▶ [What you have to do]
The lines to retype run from the one containing "Odoland Cat Desk" through the end of the listing below. Reproduce them exactly, leaving out pictures.

▶ [Stored data]

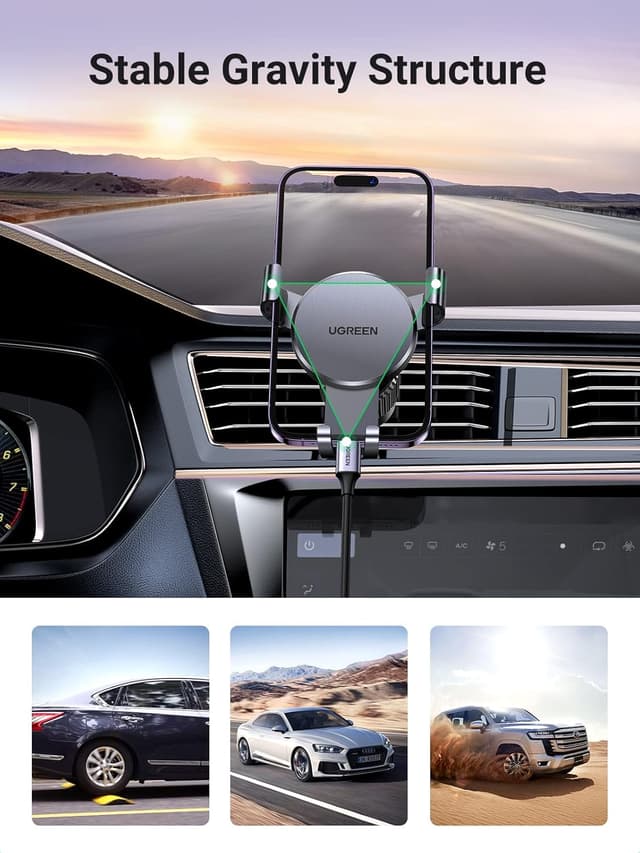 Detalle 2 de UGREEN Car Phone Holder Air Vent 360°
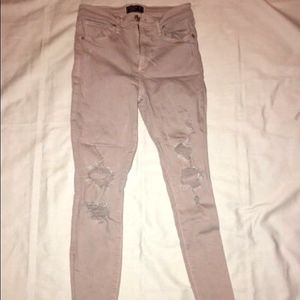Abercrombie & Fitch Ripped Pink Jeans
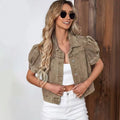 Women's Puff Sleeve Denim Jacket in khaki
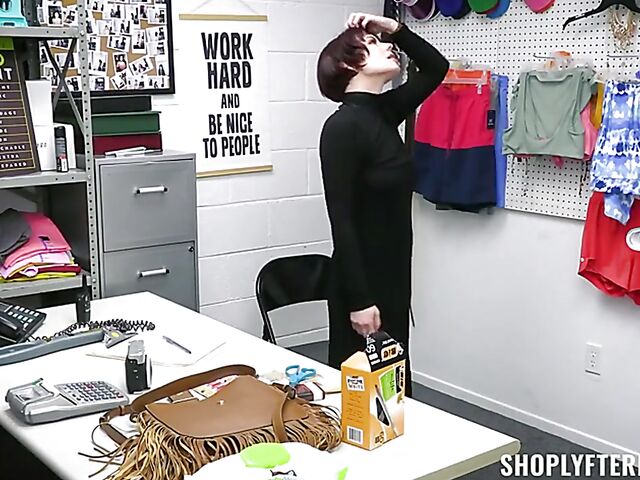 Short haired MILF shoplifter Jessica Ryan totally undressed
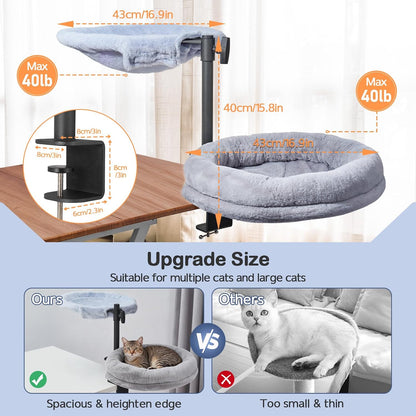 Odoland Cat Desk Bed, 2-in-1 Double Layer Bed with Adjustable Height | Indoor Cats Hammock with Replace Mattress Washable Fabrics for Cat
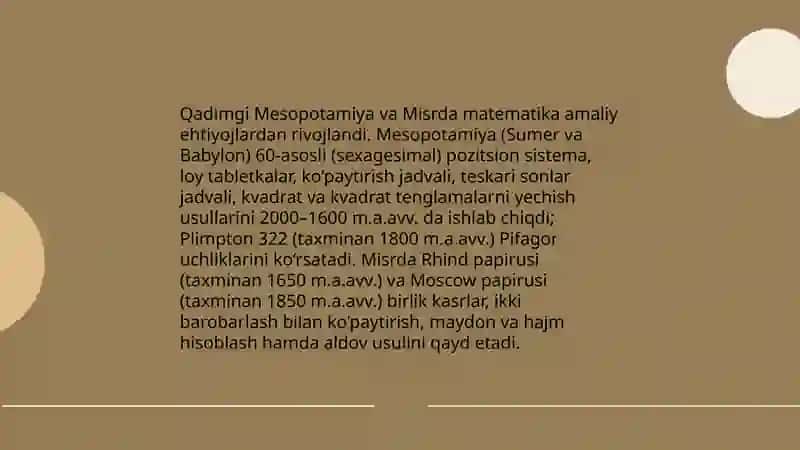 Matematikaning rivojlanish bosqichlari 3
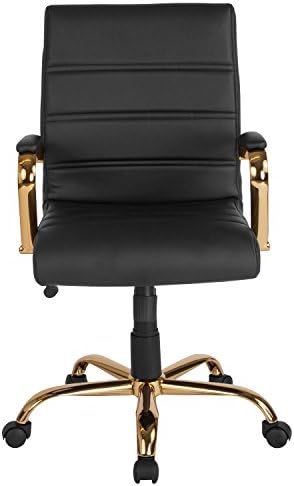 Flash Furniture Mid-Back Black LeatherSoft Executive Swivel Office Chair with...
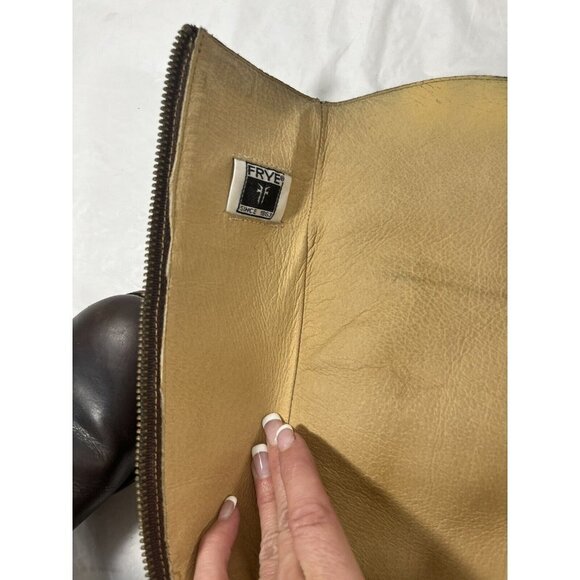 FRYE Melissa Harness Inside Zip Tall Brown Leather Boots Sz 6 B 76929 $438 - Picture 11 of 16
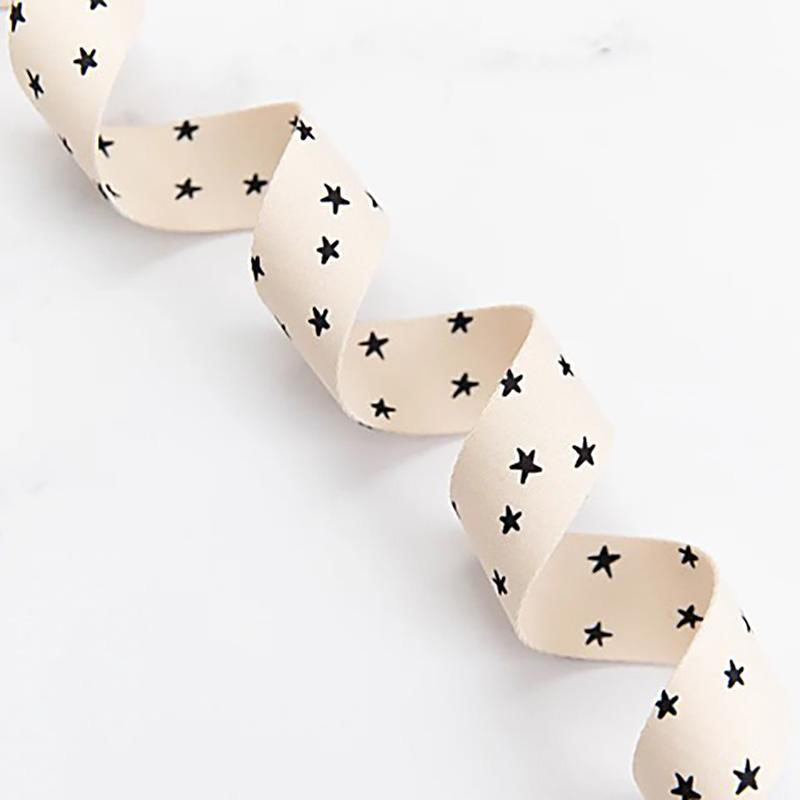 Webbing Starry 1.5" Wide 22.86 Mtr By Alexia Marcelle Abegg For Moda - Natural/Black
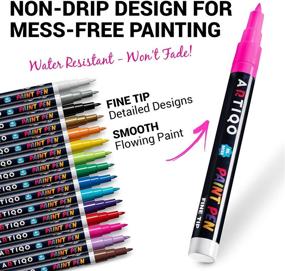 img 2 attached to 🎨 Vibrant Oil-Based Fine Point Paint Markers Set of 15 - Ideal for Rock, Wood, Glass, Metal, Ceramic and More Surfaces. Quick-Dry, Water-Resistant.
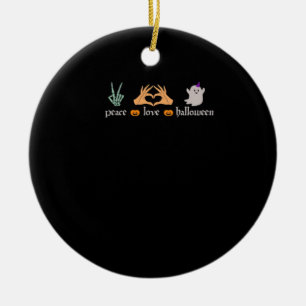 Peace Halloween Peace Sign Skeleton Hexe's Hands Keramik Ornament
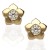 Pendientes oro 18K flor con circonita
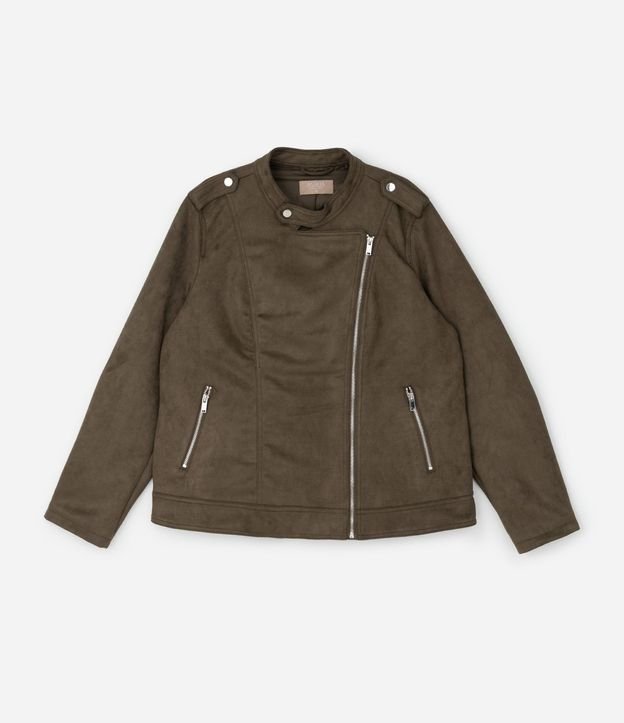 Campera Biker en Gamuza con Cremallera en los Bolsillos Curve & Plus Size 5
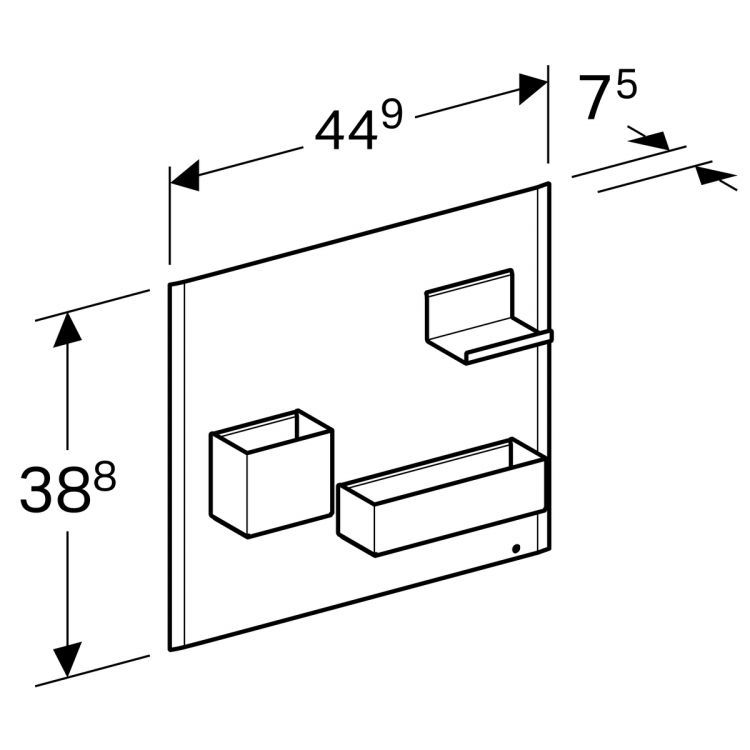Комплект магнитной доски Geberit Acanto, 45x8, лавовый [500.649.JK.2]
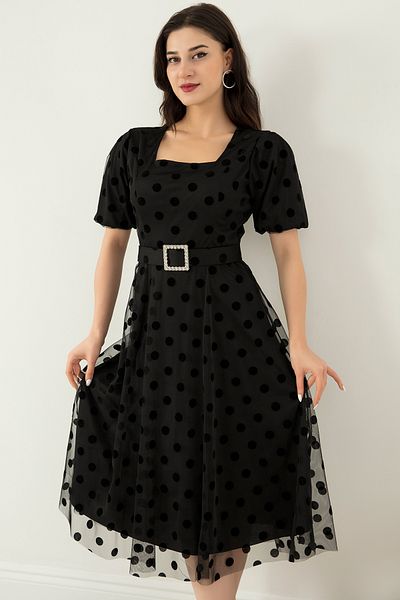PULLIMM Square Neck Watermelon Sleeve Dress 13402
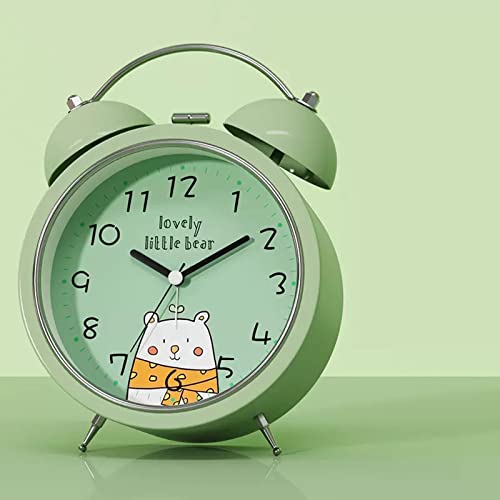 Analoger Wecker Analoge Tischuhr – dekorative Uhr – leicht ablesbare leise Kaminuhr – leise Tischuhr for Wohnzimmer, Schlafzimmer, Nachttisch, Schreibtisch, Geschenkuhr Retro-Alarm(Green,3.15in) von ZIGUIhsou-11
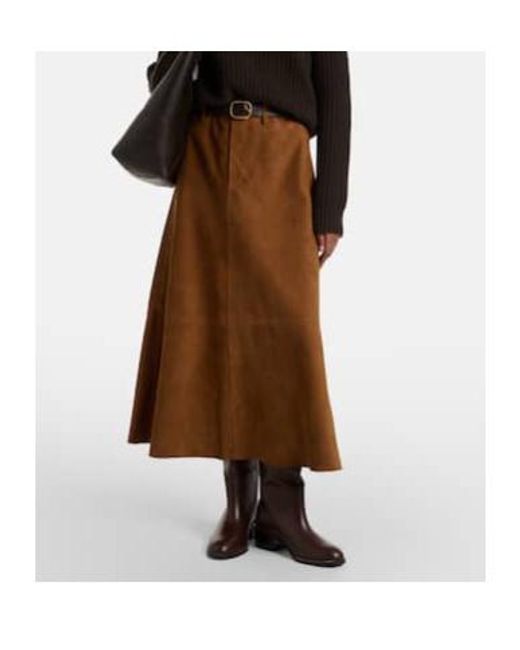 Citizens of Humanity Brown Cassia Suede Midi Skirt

▶ [Problem solution]
 Odoland Cat Desk Bed, 2-in-1 Double Layer Bed with Adjustable Height | Indoor Cats Hammock with Replace Mattress Washable Fabrics for Cat
 Matematikaning rivojlanish bosqichlari 3
 Flash Furniture Mid-Back Black LeatherSoft Executive Swivel Office Chair with...
 FRYE Melissa Harness Inside Zip Tall Brown Leather Boots Sz 6 B 76929 $438 - Picture 11 of 16
 Webbing Starry 1.5" Wide 22.86 Mtr By Alexia Marcelle Abegg For Moda - Natural/Black
 img 2 attached to 🎨 Vibrant Oil-Based Fine Point Paint Markers Set of 15 - Ideal for Rock, Wood, Glass, Metal, Ceramic and More Surfaces. Quick-Dry, Water-Resistant.
 Peace Halloween Peace Sign Skeleton Hexe's Hands Keramik Ornament
 Pendientes oro 18K flor con circonita
 Campera Biker en Gamuza con Cremallera en los Bolsillos Curve & Plus Size 5
Комплект магнитной доски Geberit Acanto, 45x8, лавовый [500.649.JK.2]
PULLIMM Square Neck Watermelon Sleeve Dress 13402
 Analoger Wecker Analoge Tischuhr – dekorative Uhr – leicht ablesbare leise Kaminuhr – leise Tischuhr for Wohnzimmer, Schlafzimmer, Nachttisch, Schreibtisch, Geschenkuhr Retro-Alarm(Green,3.15in) von ZIGUIhsou-11
 Citizens of Humanity Brown Cassia Suede Midi Skirt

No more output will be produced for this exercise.